Enver Paşa 4 Ağustos 1922’de çok da çarpıcı bir biçimde yaşamını yitirdi. Enver Paşa’yla ilgili tüm yayınlarda onun Pamir Dağı eteklerinde, Belcuvan’ın Çeğen yöresinde, Kızıl Ordu birliklerine karşı savaşırken öldürüldüğü yazılır. Ama kimin öldürdüğü bilinmezdi; ta ki 4 Şubat 1985 tarihinde Hayk Hayrebetyan’ın anılarına dayanarak, araştırmacı Kevork Pamukcıyan’ın Kanada’da yayınlanan Horizon adlı dergisinde çıkan yazısına kadar. Bu yazı, doğruysa eğer, Enver Paşa’yı, Kızıl Ordu’nun önde gelen komutanlarından Hagop Melkumov’un öldürdüğünü belirtti. Ölümün üzerindeki sis perdesi az biraz yırtıldıysa da, tam anlamıyla kalkmadı.

Olay bu yazıya göre şöyle oluştu: Enver Paşa’nın Doğu Buhara’daki karargahı Kofrun Kışlasındaydı. Emrindeki güçlerin sayısı tam olarak Enver Paşabilinmiyor. Şevket Süreyya Aydemir bu sayının 25 olduğunu öne sürerken kimileri sayının 200 binlere tırmandığını anlatıyor! O dönemde Kızıl Ordu’ya karşı bir tür gerilla savaşı yürüttüğü ve de hayli başarılı olduğundan“asker sayısı 25 civarındaydı” saptaması biraz tuhaf geliyor insana. Ama 17-20 bin arasında olduğunu birçok kaynak belirtir. Her neyse biz Horizon dergisindeki yazıya dönelim. Bu yazıda şöyle bir bölüm var: “Melkumov’un bin 500 süvari ve 800 piyadeden oluşan küçük bir birliği vardı ve sayısal açıdan çok zayıf olduğu için saldırıyı şafak sökerken yapmayı tasarlamıştı.” O gece vadiyi sis bastığından Kızıl Ordu birlikleri Kofrun Kışlası’na görünmeden yaklaşabildi. Kışla büyük bir bağın içindeydi.

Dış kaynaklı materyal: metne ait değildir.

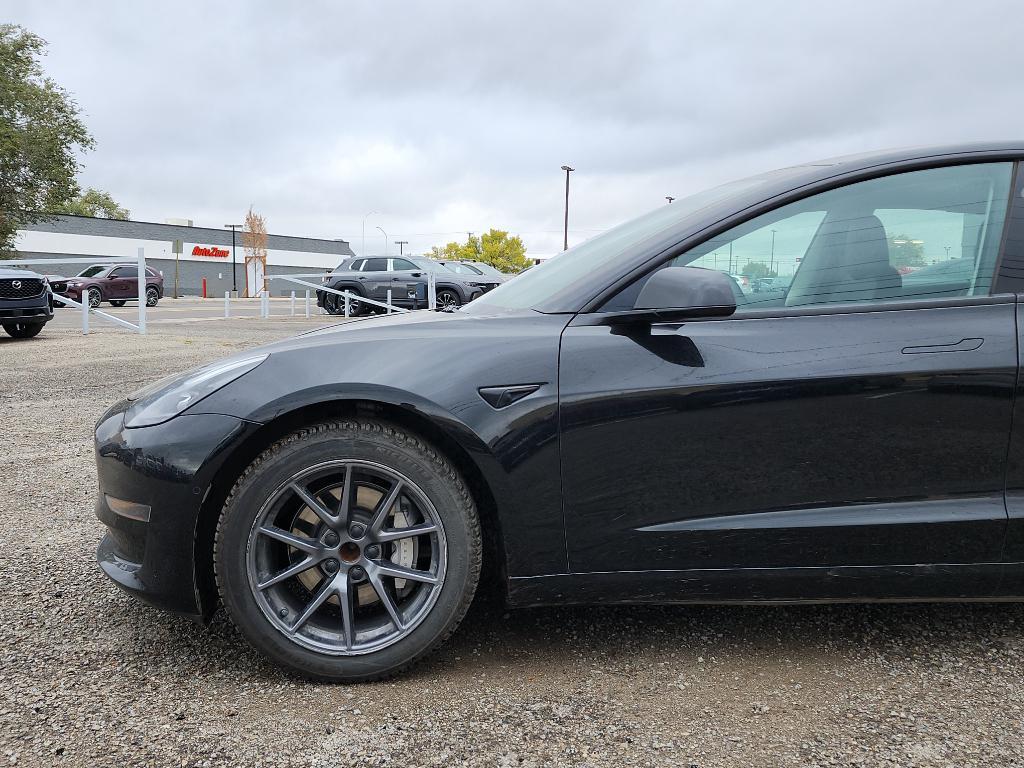 used 2021 Tesla Model 3 car, priced at $22,374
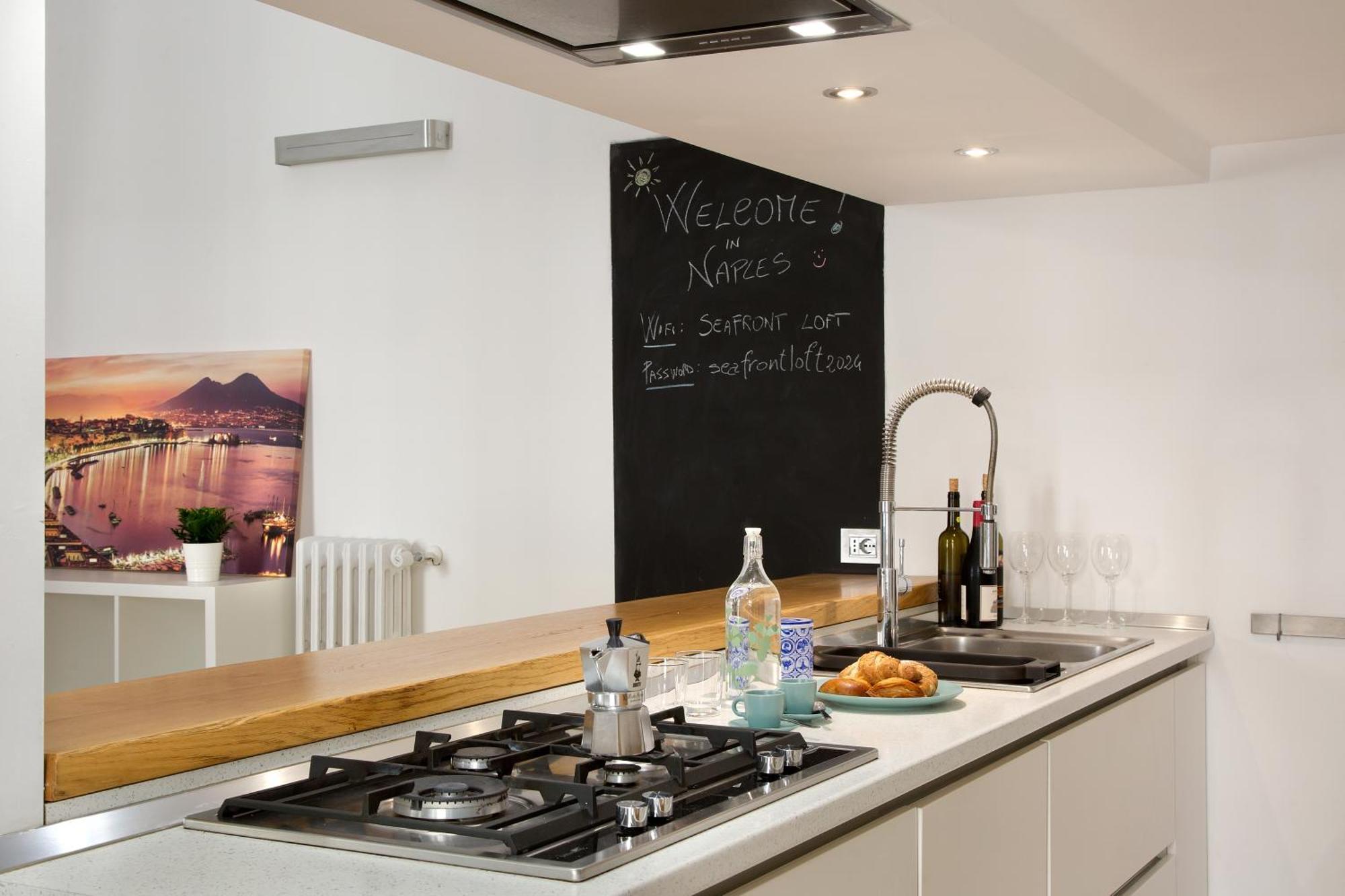 Seafront Loft * Neapel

Melkumov, ortasında altın rengi bir hilal olan yeşil bayrağın başında nöbet tutan kırmızı sarıklı nöbetçileri (Basmacıları) görünce pek sevindi çünkü bu nöbetçiler Enver Paşa’nın kışlada olduğunun kanıtıydı. Baskın basanındır hesabı Melkumov saldırıya geçti, zaman yitirmeksizin.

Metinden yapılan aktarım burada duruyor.